This is the last, and final, article in our series describing cash flow concepts. In the paragraphs below, we’re going to explain how to go about building a cash flow statement. While many investors will never need to create this financial report, understanding the concepts provides a greater appreciation for its value when evaluating the financial health of a company.
Advantages of the Cash Flow Approach
It's often difficult to figure out exactly how well a company is performing when examining accruals and accounting adjustments. For this very reason, evaluating a company on a cash basis has a great deal of appeal to the financial community.
Simple Cash Flow Formula
When building a cash flow statement, it's important to keep the following in mind:
- There is a starting balance of cash at the beginning of each accounting period.
- There may be increases to cash via operations; the company made money on the products or services they sell.
- Companies use cash throughout the year to pay for things: new assets and expenses.
- Some companies may choose to raise additional cash throughout the year.
Using the above four pieces of information, it's possible to calculate a fifth value: the cash the company has at the end of the accounting period (or year). These building blocks of a cash flow statement are typically labeled as follows:
Cash and Cash Equivalents (Beginning)
+ Cash from Operations
- Cash Flows from Investing Activities
+ Cash Flows from Financing Activities
= Cash and Cash Equivalents (Ending)
In order to build a cash flow statement, we only need to be concerned with the above five elements.
Cash Flow Statements
The information from this point forward is really a tutorial explaining how to build a cash flow statement, also known as a statement of changes in financial position. As we walk through each step in the process, we'll provide insights and examples. At the end of this tutorial, we're going to provide a link to everything we've discussed in an example statement.
Cash and Cash Equivalents (Beginning)
The first step in this process is to figure out where a company left off in the prior accounting year. This will be the beginning balance for the current year. This
value can be found on the company's prior statement of cash flow, the company's balance sheet. or it's possible to calculate the beginning value for cash.

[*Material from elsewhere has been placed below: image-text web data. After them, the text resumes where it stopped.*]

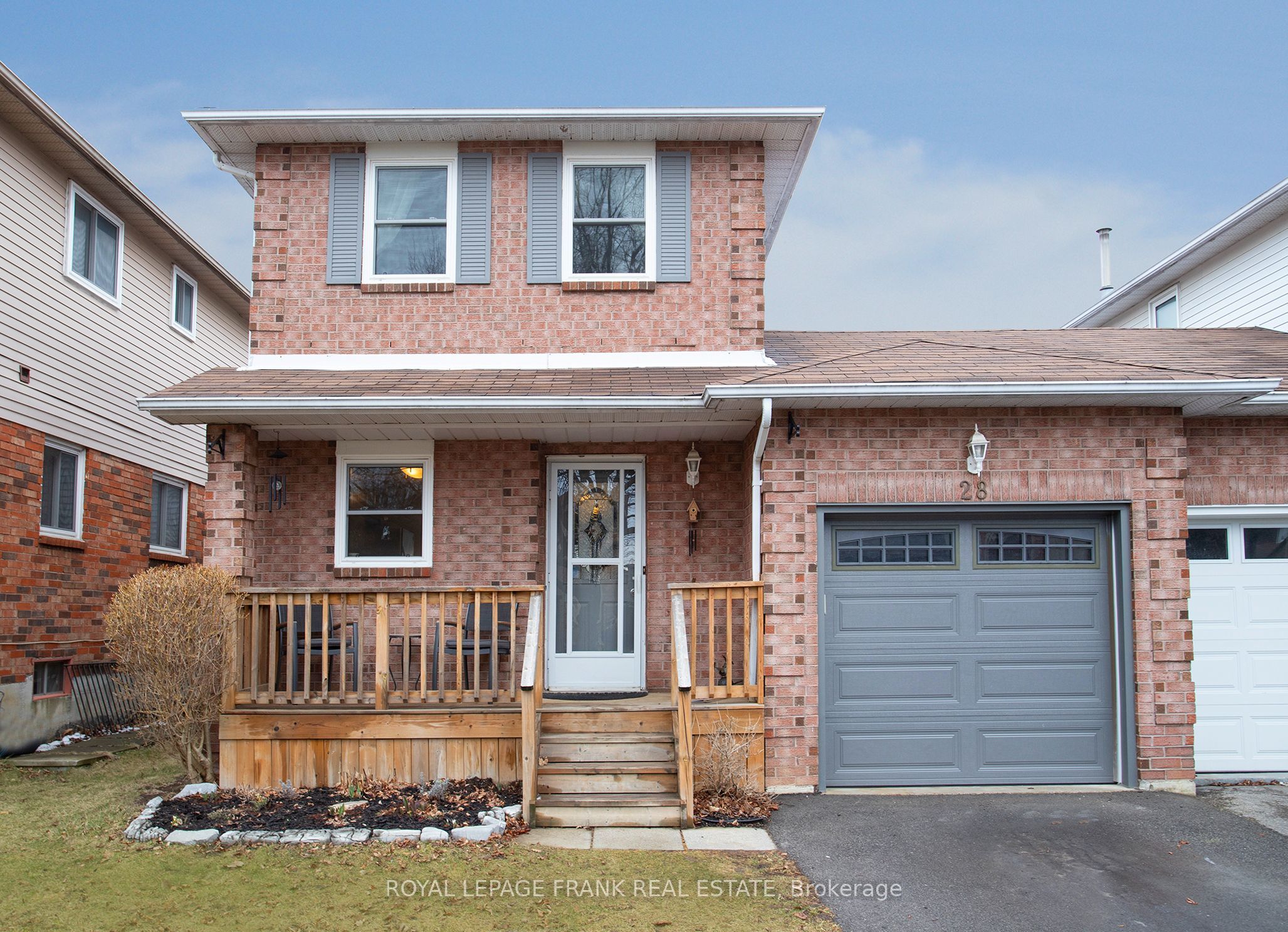 28 Hewitt Crescent Property Photo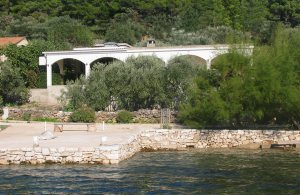  Dette flotte og enkle feriehus i den rolige bugt Gradina med en naturhavn ligger kun 10 m fra havet. I området finder I talrige vandrestier, der fører langs kysten samt gennem tætte olivenskove. I ...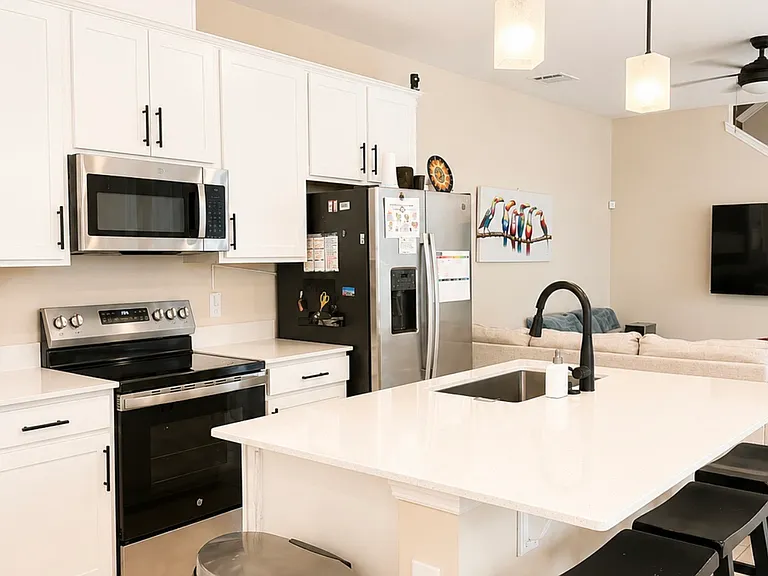 1502 Erin Breeze Ln #1502 — Photo 4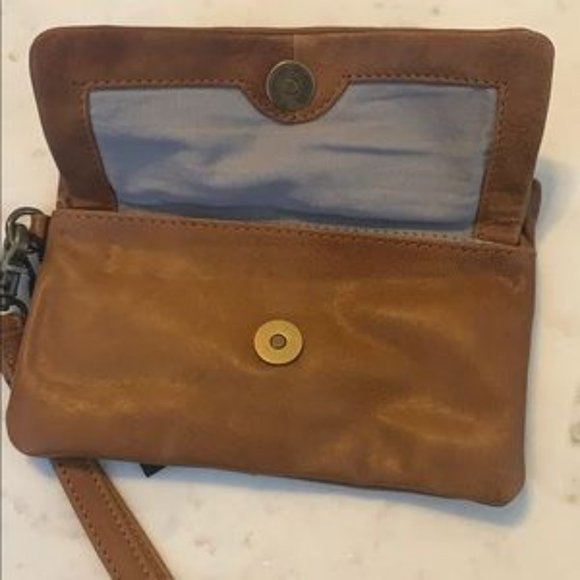 Day & Mood Leather Clutch Purse -Wrist strap-New- For any occasion-Great looking - Picture 3 of 9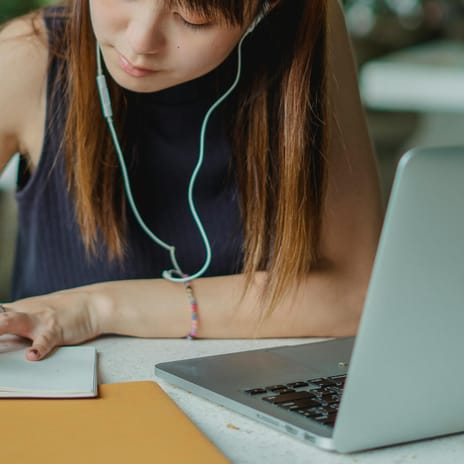 Niña estudiando idiomas.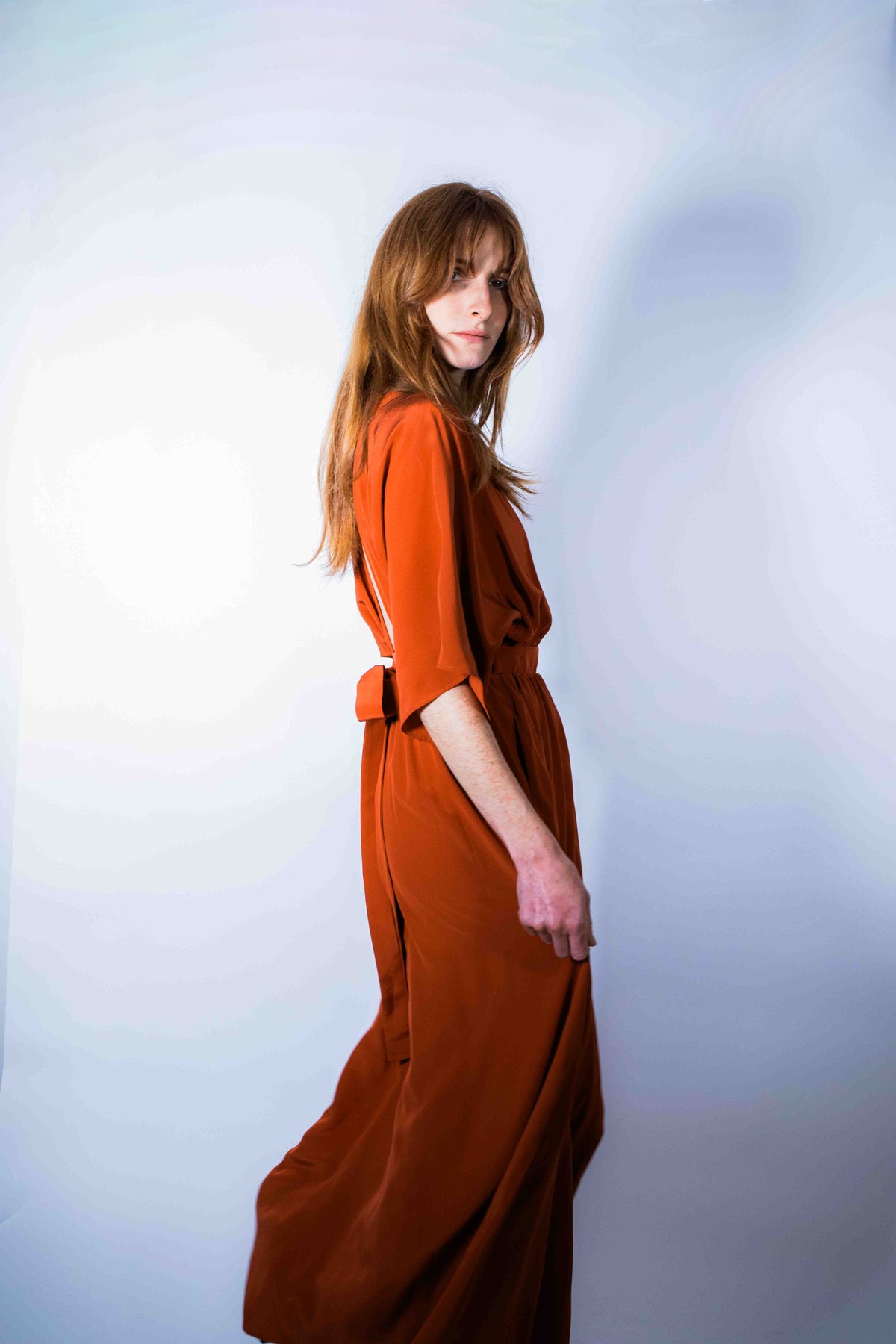 Robe Sikara Soie Longue - robe kimono noire, poche cachée - Hello World Le Studio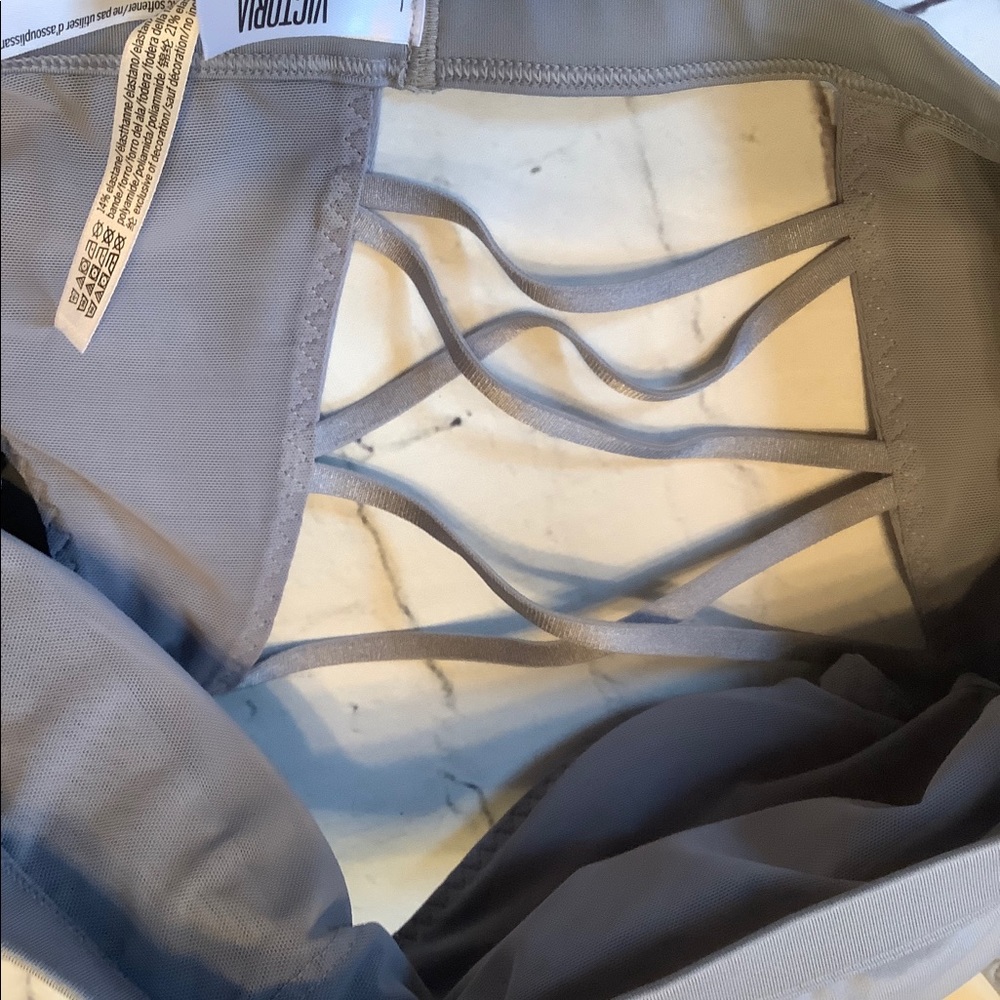 Victoria secret sport bra medium gray wireless pull on moisture wicking - Picture 8 of 8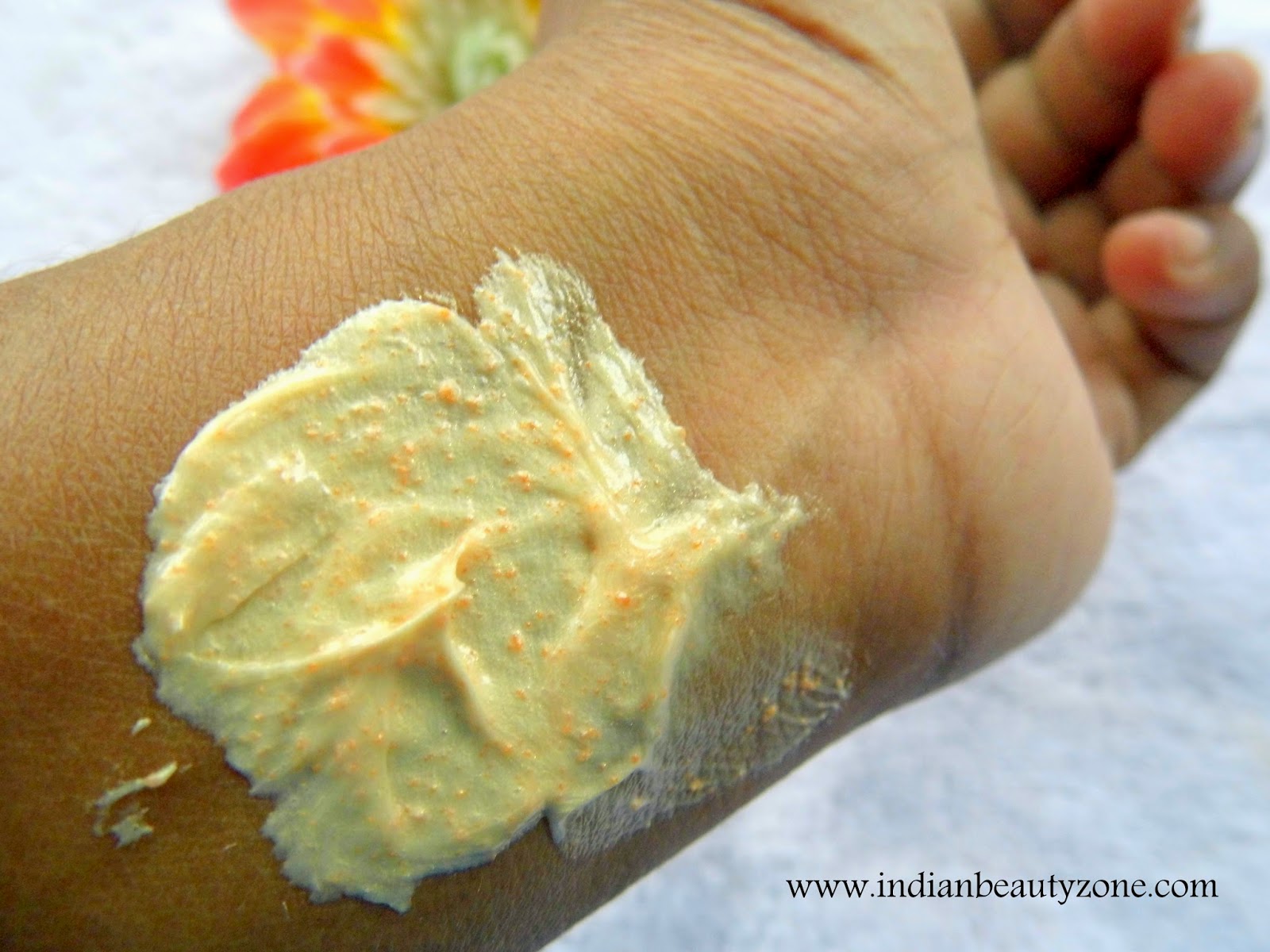 Indian Beauty Zone Nature's Essence Gold Cleansing Scrub Review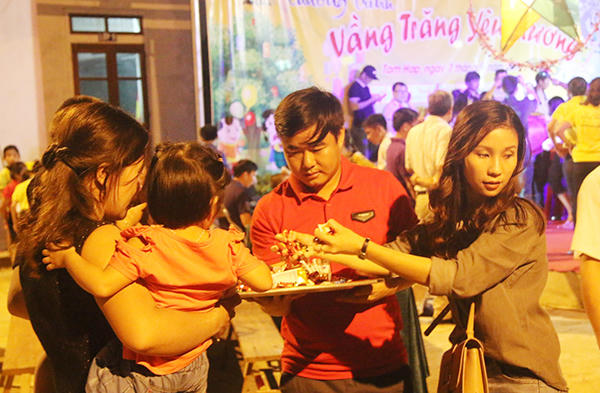 “Vầng trăng yêu thương” lần thứ 7 đến với trẻ em biên giới Tam Hợp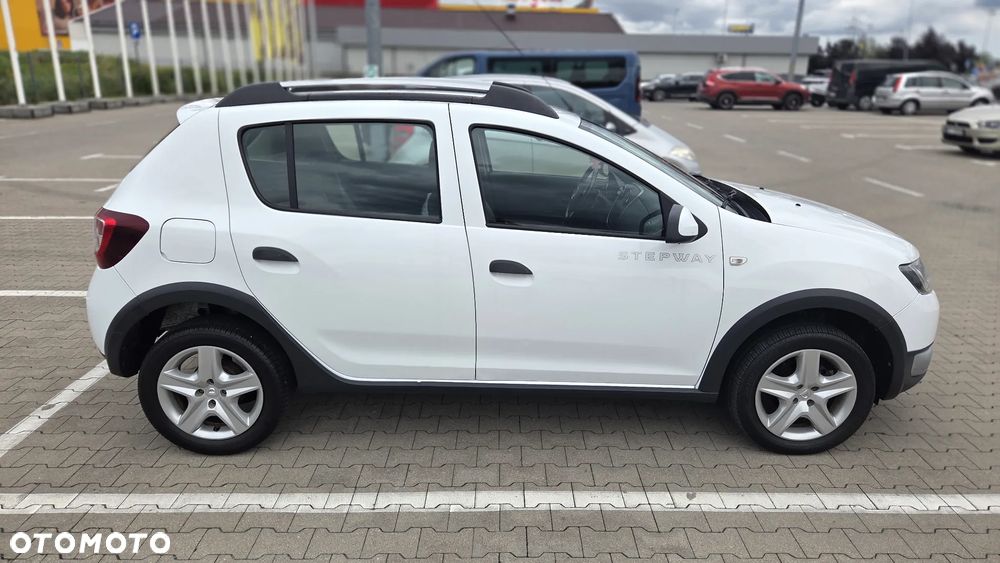 Dacia Sandero Stepway 0.9 TCe Laureate - 4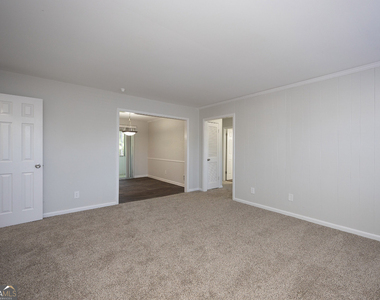 4883 Roswell Road - Photo Thumbnail 8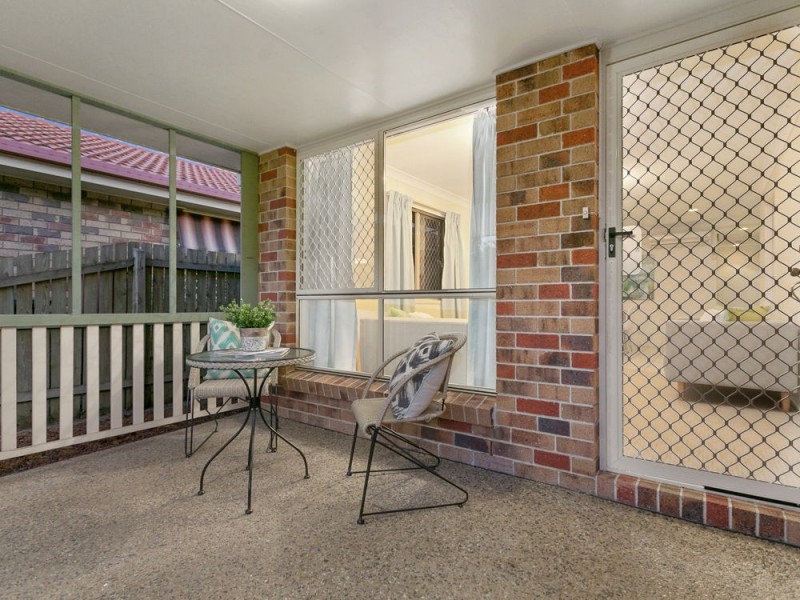 13 Gwynne Street, Wynnum West QLD 4178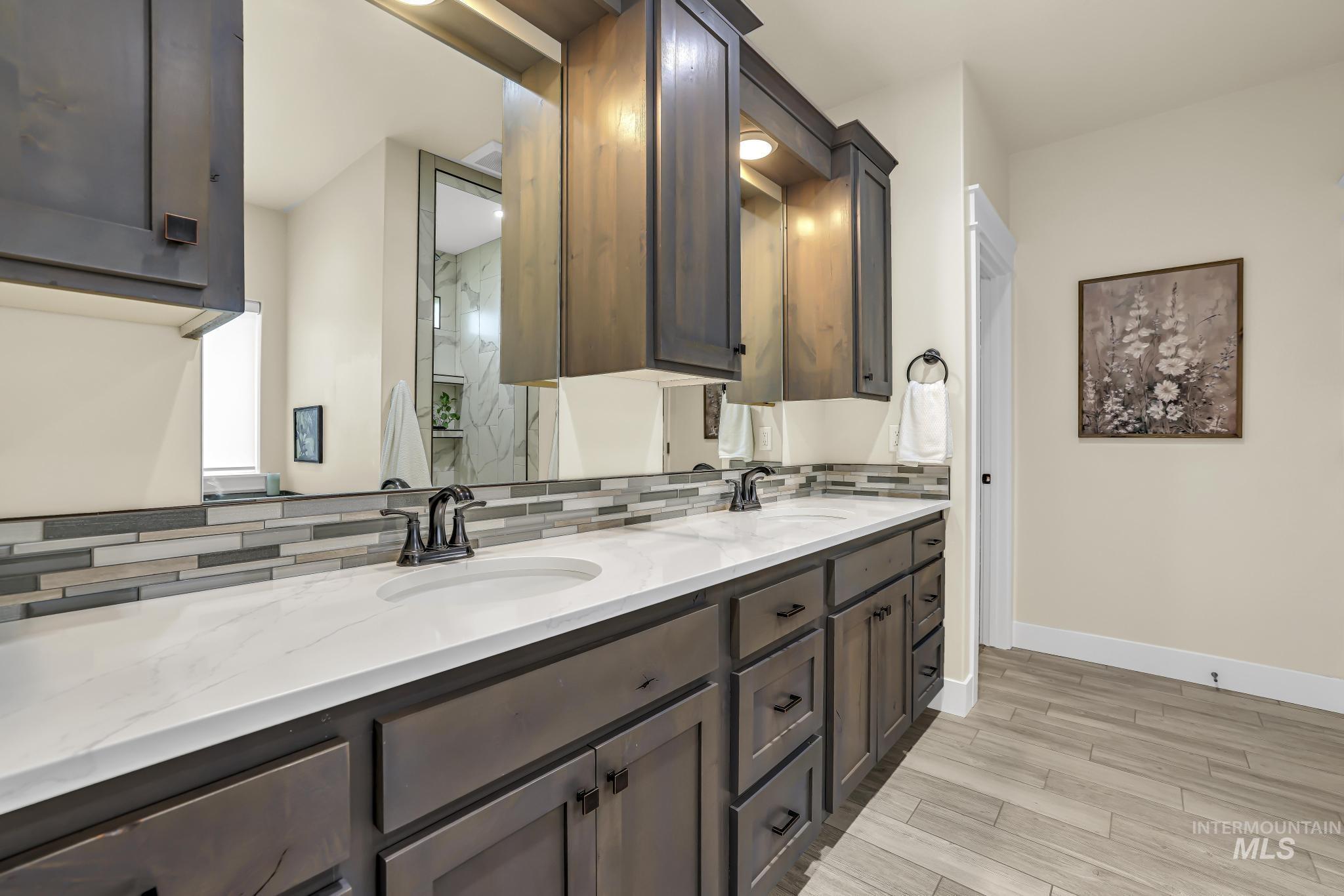 1529 Clear Creek Loop Property Photo 19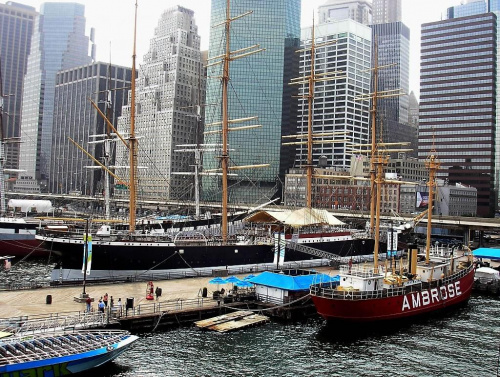 Manhattan - South Street Seaport. Uroczy deptak, a przy nim masa sklepików, restauracji no i oczywiście przycumowanych statków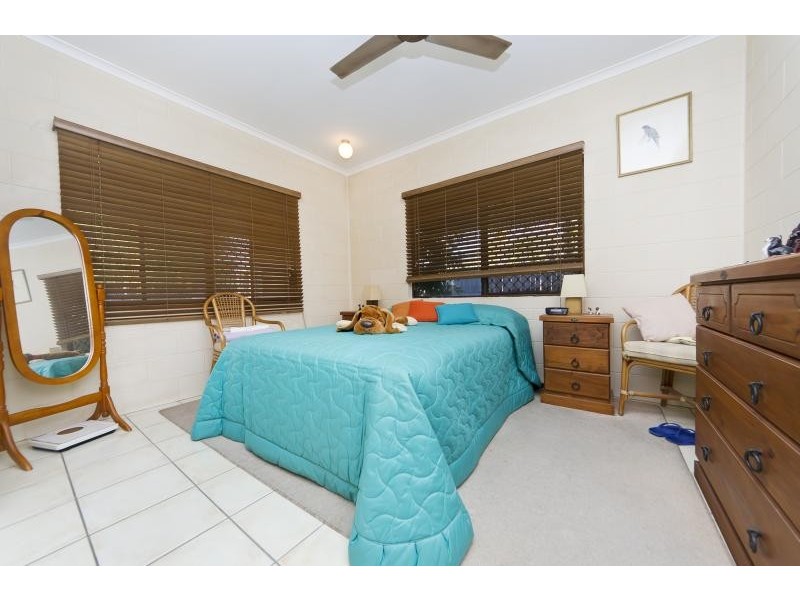 2/2 Briggs Close, Whitfield QLD 4870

Cash and cash equivalents are a current asset of a company, and this value can be found by looking at the company's balance sheet. This value can be calculated by adding cash, money market funds. certificates of deposit. savings accounts, and similar types of deposits.
In general, this is a current asset that can be readily exchanged for goods and services on short notice. In this example, we're going to start the company with $6,000,000 at the beginning of the year.
Cash from Operations
Next, we're going to look for cash generated by the operations of the company. This is sometimes referred to as cash provided by operating activities. To calculate the cash provided by operations, we need a starting point, which is net income .
One of the advantages of evaluating a company on a cash basis is that it's not subject to accounting methods that prevent analysts from getting a clear picture of a company's financial health. Unfortunately, net income does include some of those accounting adjustments. To truly understand the cash generated from operations, it's necessary to remove from the net income value what are called "non-cash transactions."
Items not Affecting Cash
While the most common example of a non-cash transaction is depreciation; there are two classes of adjustments to net income required to calculate cash from operations:
- Depreciation / Amortization of Assets
- Net Changes in Current Assets and Liabilities
If a company claimed depreciation expense in their income statement, that value needs to be added back. Likewise, if a company had an increase in accounts receivable, that value needs to be subtracted from net income. We're trying to figure out how much cash exchanged hands throughout the year. A company might have sold more goods and had a rise in accounts receivable, but until that money is received it's not considered cash.
Cash from Operations Example
Let's see how the above concepts would be used in practice. In this example, the company had net income of $8,000,000. The depreciation expense was $4,000,000, while accounts receivables went up by $2,000,000 and accounts payable went up by $1,000,000.